Is a 10/12 Roof pitch walkable? I want to put on shingles in a small area of the roof but I'm wondering if I can just support myself by sitting down or if I need a ladder resting against a 2x4 nailed to the roof. What is generally the best way to be supported on a roof like this? I'm comfortable laying shingles, just not sure if this pitch is too steep to walk on or other means. Is a cherry picker needed?


----------



## oberkc (Dec 3, 2009)

Barely. Mine is 10/12. I can walk in valleys and on peaks, but do not dare attempting to walk on other areas for fear of sliding off.

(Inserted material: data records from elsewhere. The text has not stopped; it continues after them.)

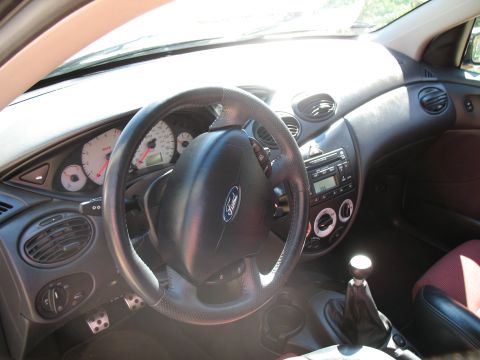 1993 Ford Bronco - The interior of a Ford Focus shows the dashboard, steering wheel, and gear shifter.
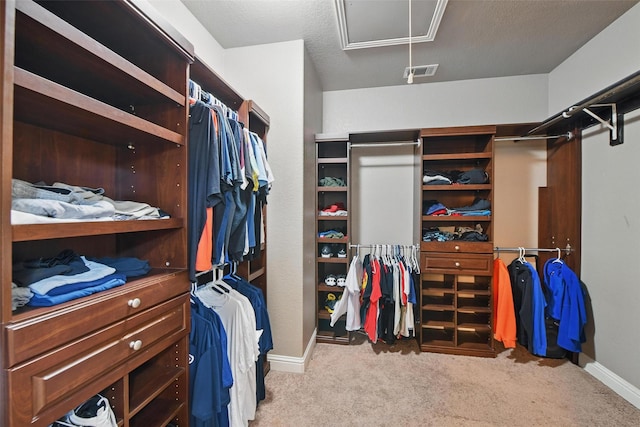 spacious closet with attic access, carpet floors, and visible vents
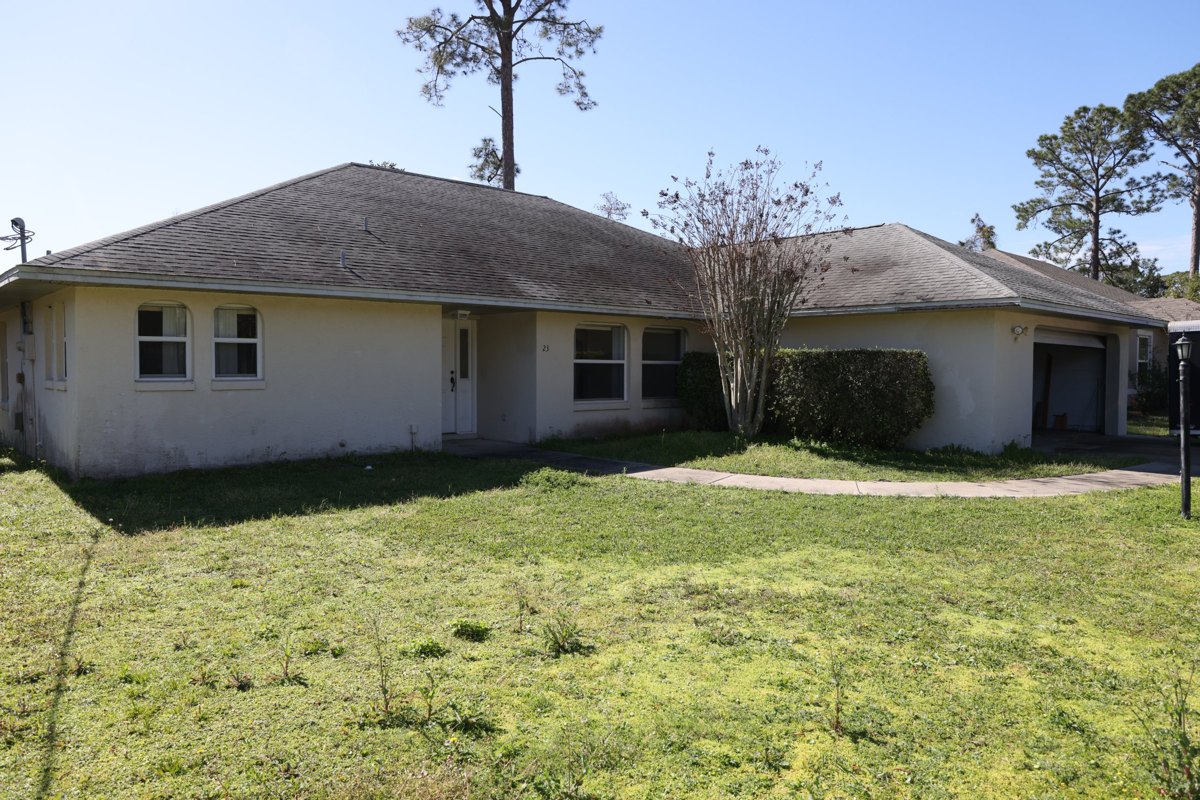 The Forest Hill flip in Palm Coast before the new roof, with its old stained gray shingle roof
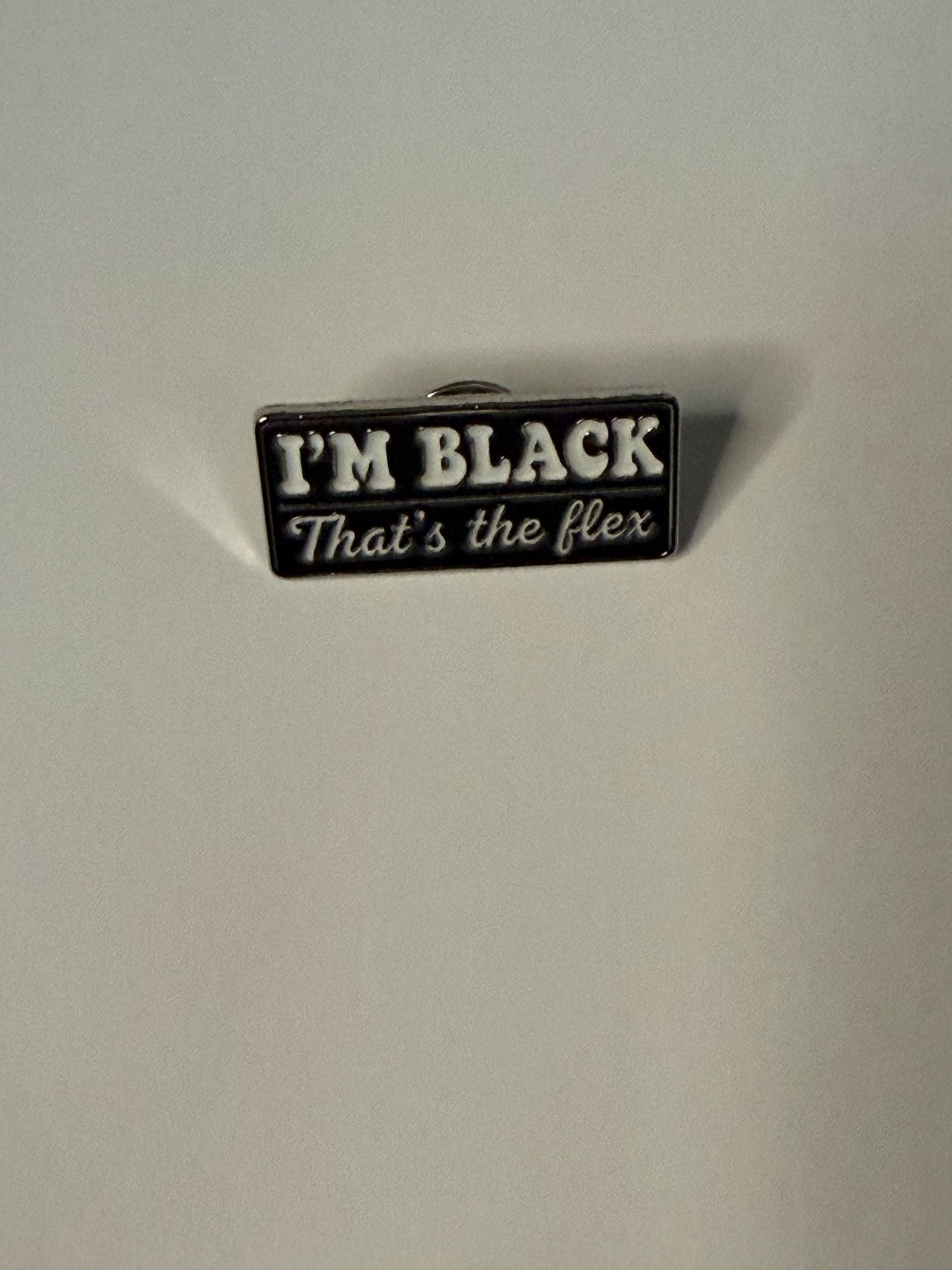 I'm black that's the flex enamel pin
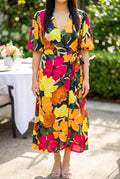 Front view of the If You're Not the One floral wrap midi dress in size Small.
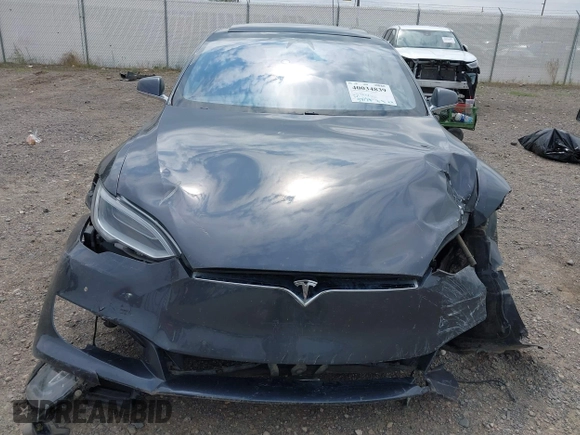 2019 Tesla Model S 75D with VIN 5YJSA1E22KF300407, listed as a IAAI auction lot 40034839 with 59,178 mi miles and . Bid and sale history available at DreamBid. Image 6.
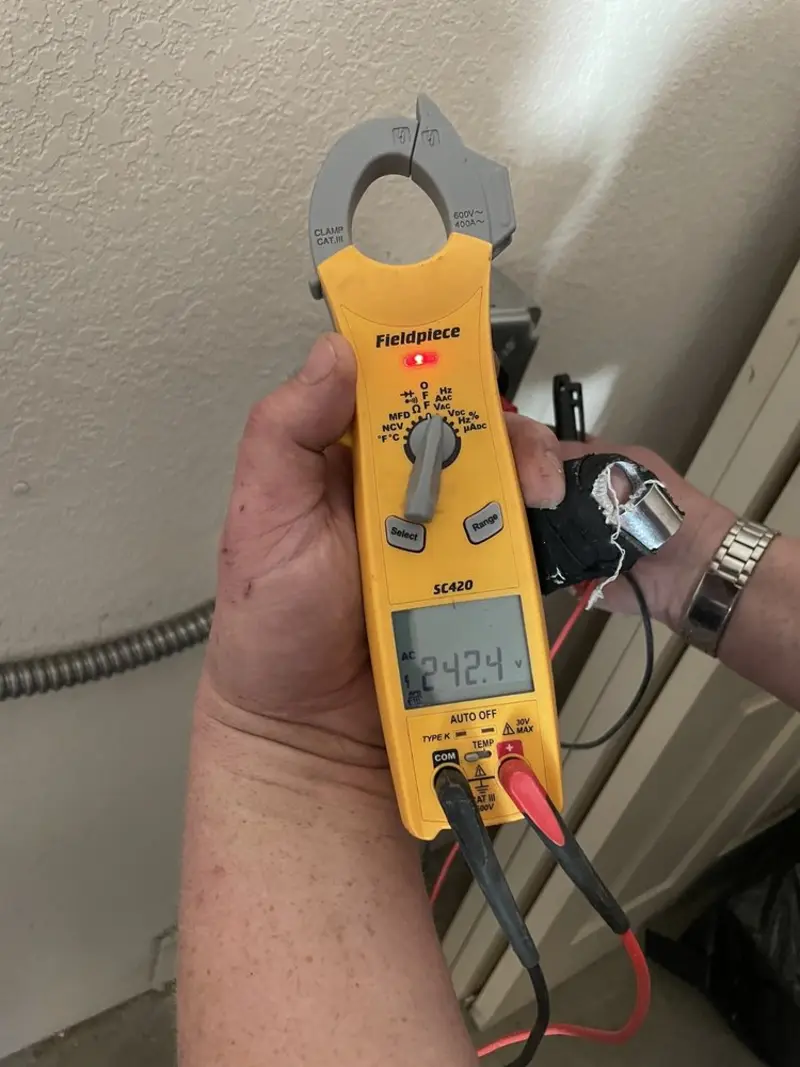 Voltage testing with clamp meter during Recessed Lighting Installation in Sun Lakes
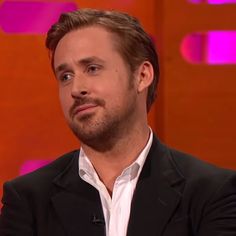 a man in a black suit and white shirt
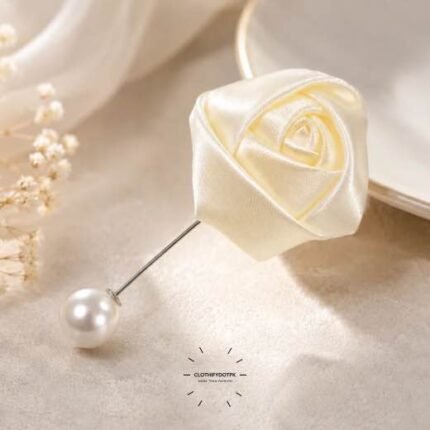 Hand-stitched flower shape brooch with layered petals and a pin clasp.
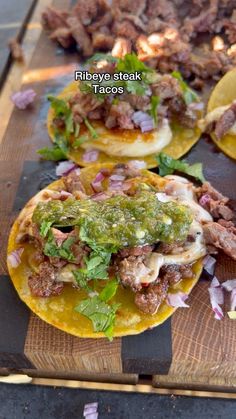three tacos are sitting on a cutting board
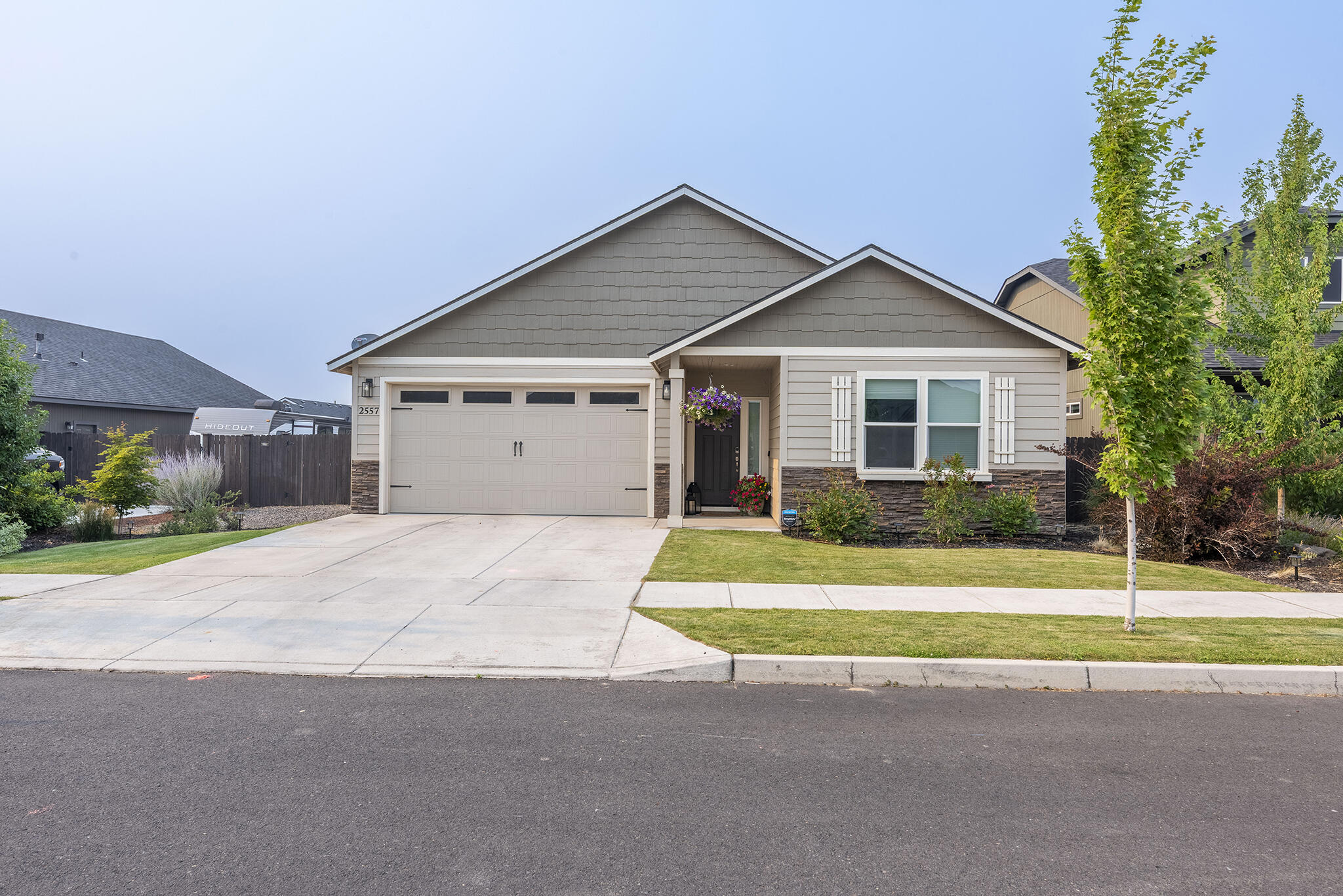 Built in 2019, this 1979 sq ft, 4-bedroom, 2-bath home offers spacious, single level living with an open concept design ideal for both everyday comfort and entertaining. Located in NW Redmond, the home features vaulted ceilings, quartz countertops, and upgraded hardwood flooring throughout the main living areas. The open-concept kitchen is as stylish as it is practical, featuring a large walk-in pantry, a breakfast bar, ample counter space, and seamless flow into the dining area and great room. The private primary suite includes dual vanities, a soaking tub, walk-in shower, and a spacious walk-in closet.Step outside to enjoy a covered back patio and fully fenced backyard perfect for relaxing or hosting guests. With a two car garage and attractive curb appeal, this home is a must see!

I would not attempt to install a roof without additional support. I believe the common way of dealing with this is roof jacks.


----------



## jlhaslip (Dec 31, 2009)

roof jacks, planks, and a fall protection/positioning harness/rope system.


----------



## KyleB (Mar 30, 2010)

10/12 is pushing it. I wouldn't attempt to roof that without roof jacks and a harness. 

Was a roofer for 6 years


----------



## AaronB (Jan 29, 2005)

Too steep to safely walk. Def use some form of fall protection and support while working.


----------



## tpolk (Nov 7, 2009)

if you are going to fall wear proper rope and harness with deceleration attatchment


----------